Mehr als einmal flogen im Rahmen der documenta die Fäuste: nicht nur metaphorisch, sondern auch im buchstäblichen Sinne: Schon 1972 begegneten sich Joseph Beuys und der Kasseler Künstler Abraham David Christian mit Handschuhen im Ring. Der "Boxkampf für direkte Demokratie" wurde im Fridericianum inmitten der Schriftbanner mit Slogans des Konzeptualisten Ben Vautier ausgetragen. Sieger nach Punkten: Joseph Beuys.
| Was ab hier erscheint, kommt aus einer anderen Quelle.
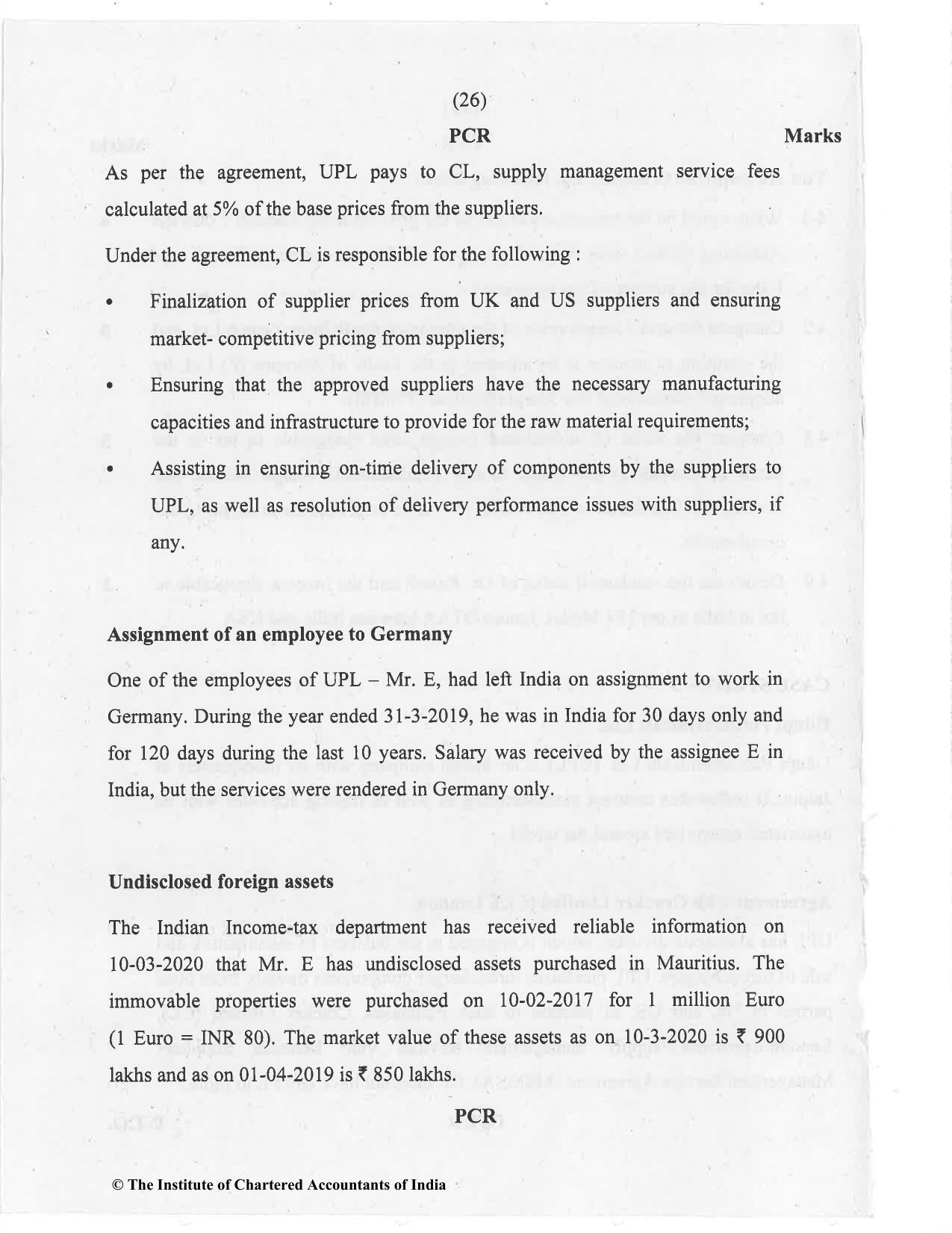 CA Final Nov 2020 Question Paper - Paper 6C – International Taxation - Page 26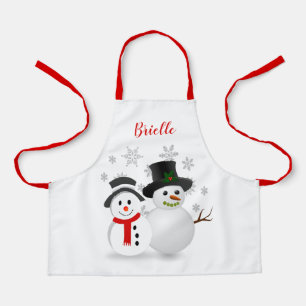 Süßer Weihnachts-Schneemann personalisiert Schürze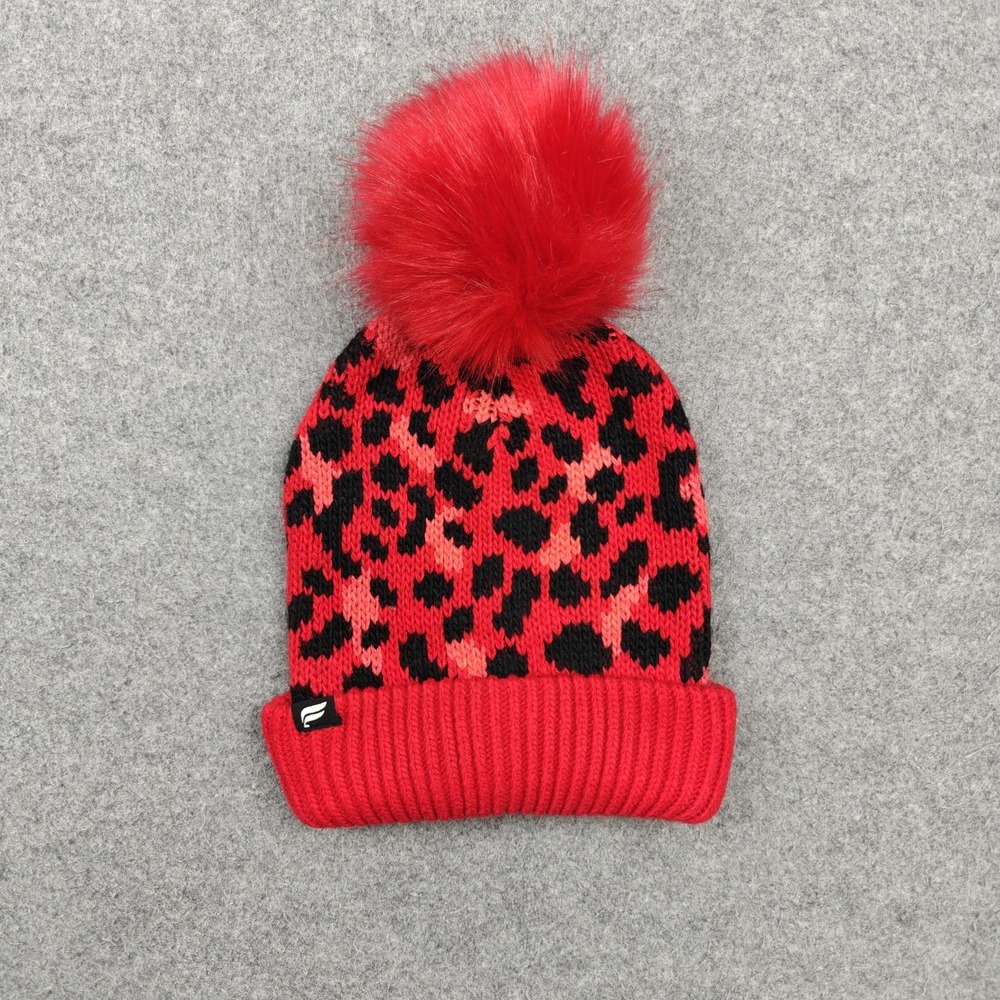 Fabletics Hat Beanie Faux Fur Pom One Size Womens Red Leopard Print Knit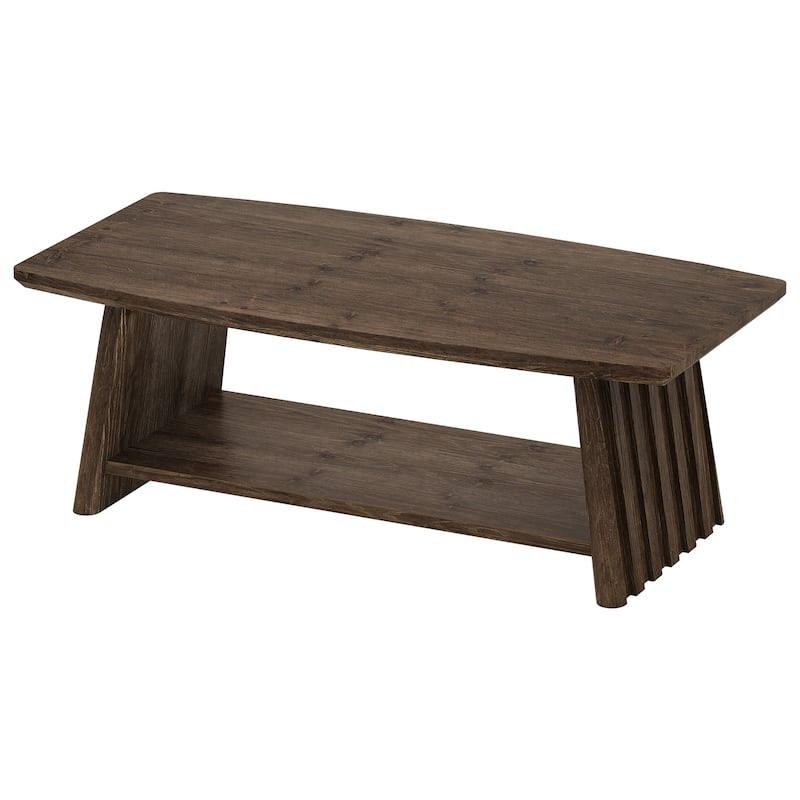Solid Wood Coffee Table with Storage, 2-Tier Center Accent Table for Living Room Lounge Apartment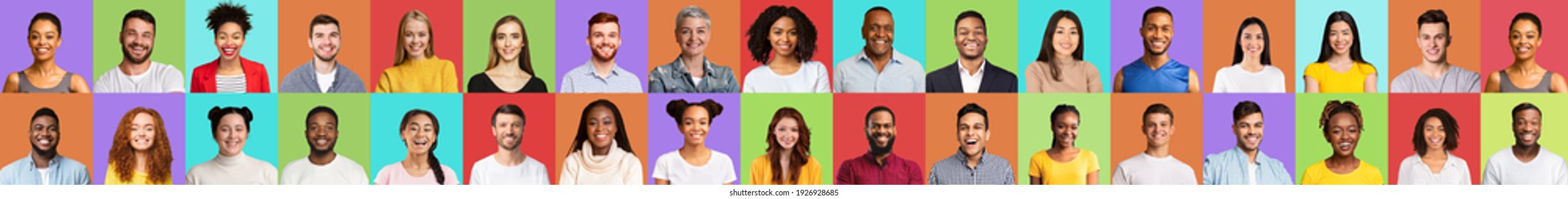 Collection Of Happy Millennial People Faces, Diverse Portraits Collage Of Young Men And Women Of Different Ethnicity And Age Smiling Posing On Colorful Studio Backgrounds. Panorama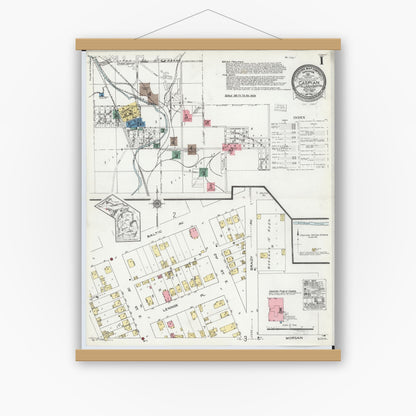 Old map wall art mockup — magnetic wood frame on white wall — Sanborn Fire Insurance Map from Caspian, Iron County, Michigan (1922) - Complete Map Set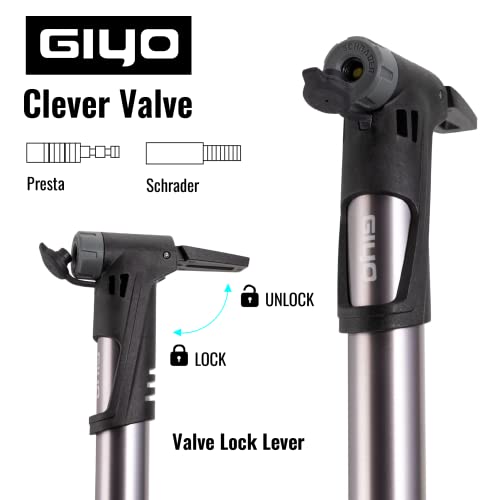 Giyo مضخة إطارات الدراجة GIYO | 2 مرحلة HP HV 120 PSI كحد أقصى | صمام ذكي يناسب بريستا وشرايدر | للدراجات الجبلية والدراجات على الطريق مثبتة على الإطار (GP992) مصنوعة في تايوان - Image 3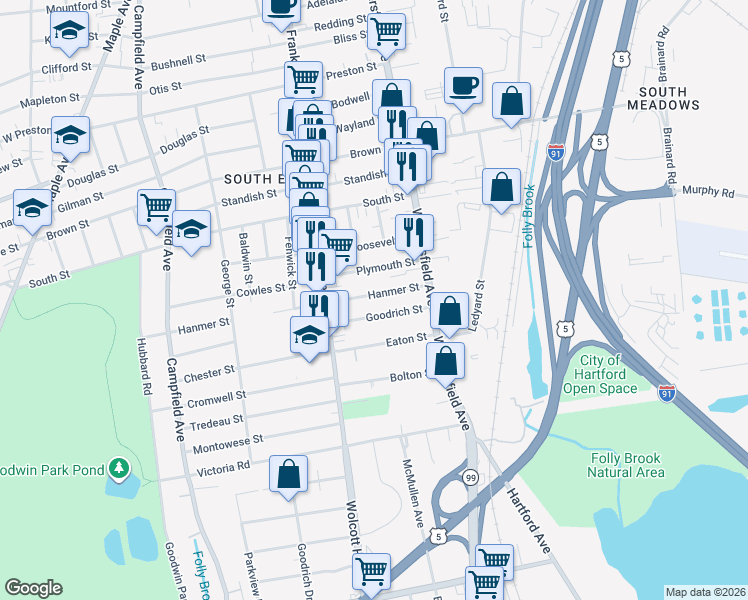 map of restaurants, bars, coffee shops, grocery stores, and more near 36 Hanmer Street in Hartford
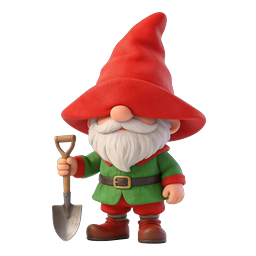 Cute 3D Garden Gnome Character Icon with Shovel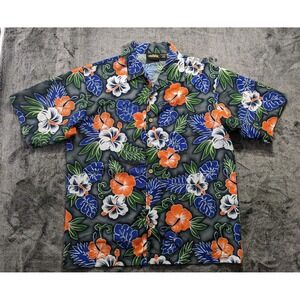ODO Short Sleeve Button Up Hawaiian Shirt Men's Size Large Floral
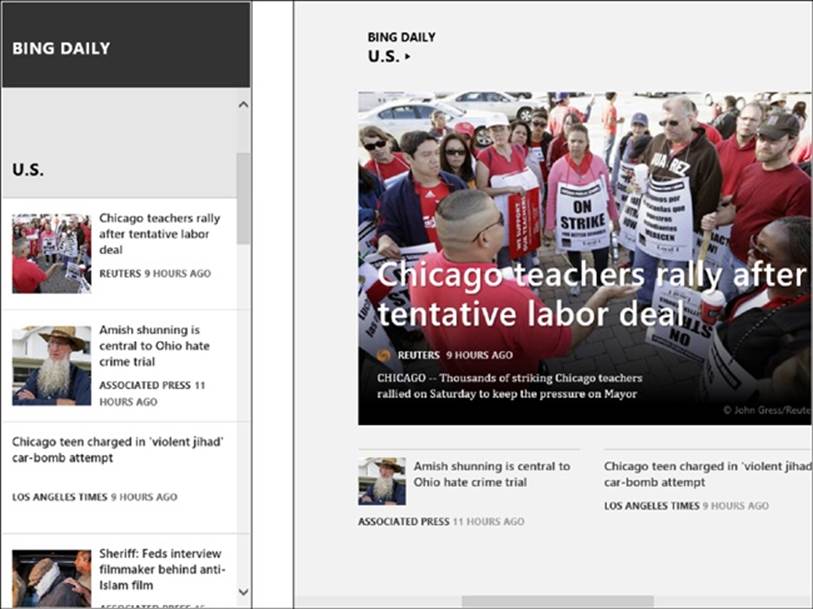 The Bing Daily App running in snapped state (on the left) and in full screen state (on the right).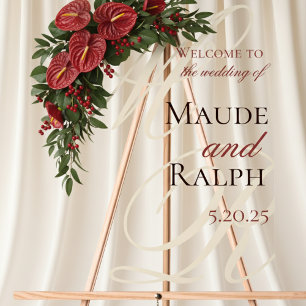 Elegant Red Monogram Wedding Welcome Acrylic Sign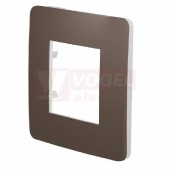 NU280216 Unica Studio Color krycí rámeček jednonásobný, Chocolate/Bílá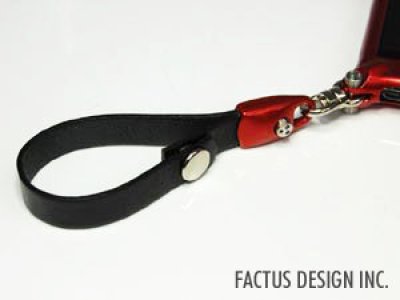 Photo1: Leather Strap Black&Red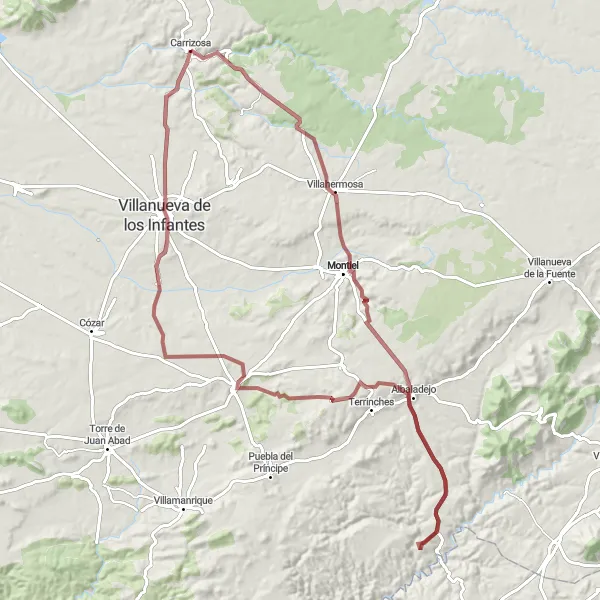 Map miniature of "Challenging gravel ride to Albaladejo and Almedina" cycling inspiration in Castilla-La Mancha, Spain. Generated by Tarmacs.app cycling route planner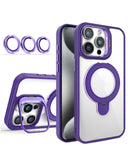 Funda transparente magnetica con 2 soportes y lente de camara iPhone 14 Pro Max - DARK PURPLE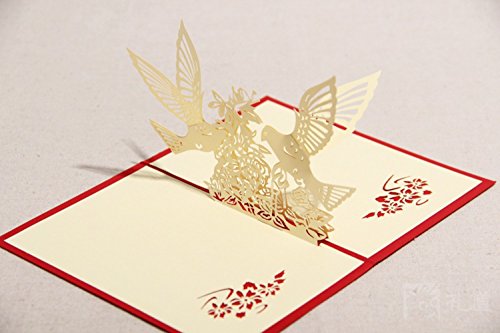 3D Pop Up Cards Creative Paper craft Greeting Cards for Birthday Thank You Sorry Wedding Anniversary Graduation Get Well Gift Greeting Cards for Every Occasion (Flying Birds)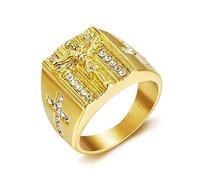 MIVEIVIA ICED OUT Square Cross Ring Wedding Rings for Men Cross Round ring Religion's ring Radiant Rings for Women Bling Iced Out Jewelry Bling Rings for girls rings for Christian Heavy Metal ring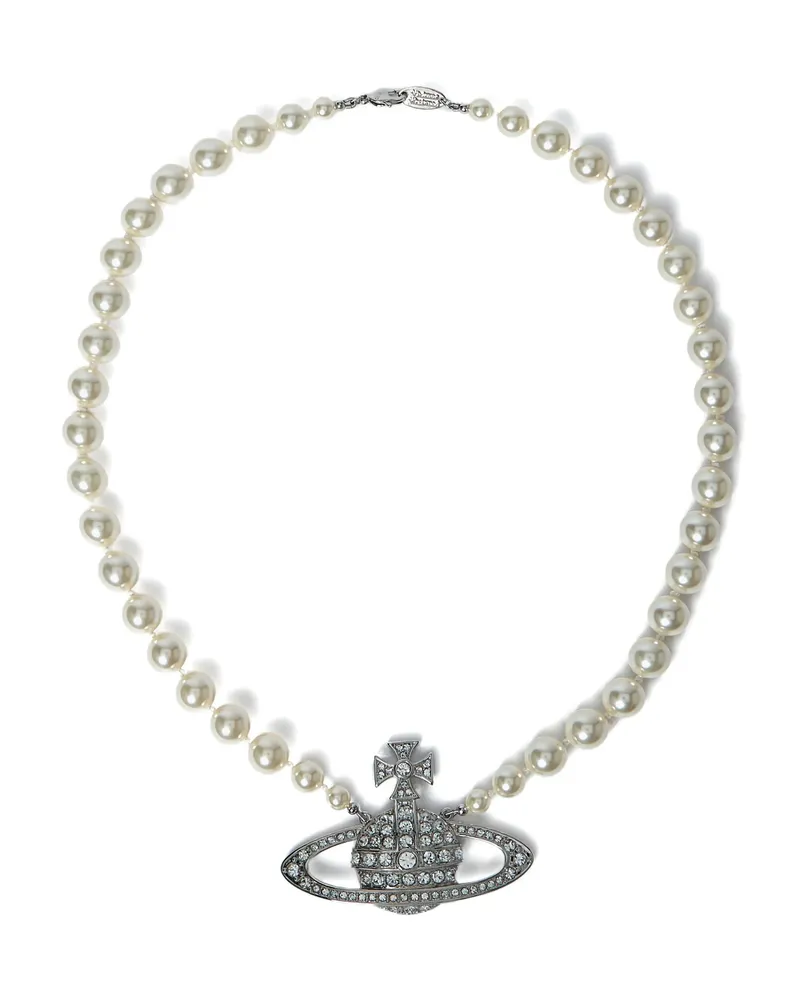 Vivienne Westwood Man. Bas Relief Orb-embellished Pearl Necklace Silver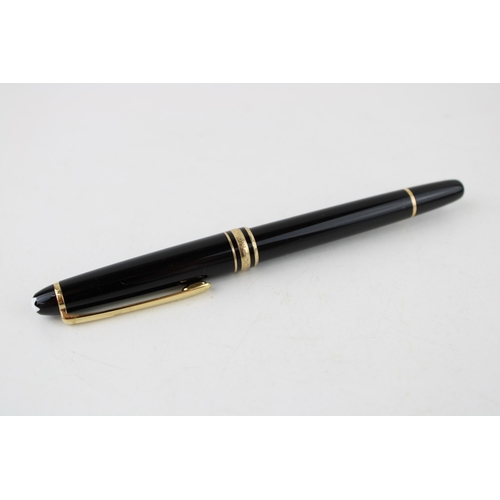 241 - Montblanc Meisterstuck Black Rollerball Pen, with a pull draw cap and gold plate banding and clip, s...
Als Ringrichter fungierte der documenta Künstler Anatol Herzfeld - im bürgerlichen Leben Verkehrspolizist.

 

20 Jahre später waren "Jazz, Baseball und Boxen" zentrale Schlagworte des kuratorischen Leiters Jan Hoet: Er sah den Boxkampf "nicht als Metapher für die Kunst, sondern für das Leben" und so zählte ein internationaler Boxkampfabend - Profiboxen wohl gemerkt - zum offiziellen Rahmenprogramm seiner DOCUMENTA IX. Mit dabei: Axel Schulz (D), Samson Cohen (USA), Alexander "Der Große" Miroschnichenko (GUS) und der spätere Publikumsliebling und Einschaltquotengarant "Gentleman" Henry Maske (D).

 

"In einem gewissen Sinne ist es beim Boxen wie bei der Kunst: man muss haarscharf Echtheit von Pose unterscheiden können, spüren, wo die Authentizität aufhört und die Berechnung beginnt." So der documenta Kurator und passionierte Boxsport-Aficionado Jan Hoet.

 

Ein Teil der Eintrittsgelder zum DOCUMENTA IX BOXING kam nun unerwartet bei Erschließungsarbeiten am Bestand der d9 ans Tageslicht (Signatur: docA, AA, d09, 175).

 

Einmal mehr zeigt sich das documenta archiv als einmalige Quelle zur Kunst- und Ausstellungsgeschichte. Und in diesem Fall auch als Fundgrube für besondere Schätze. Nicht nur im wissenschaftlichen Sinne.

 

Ach ja: Henry Maske entschied den Kampf gegen Samson Cohen in der Sporthalle am Königstor klar für sich: KO in der 6. Runde.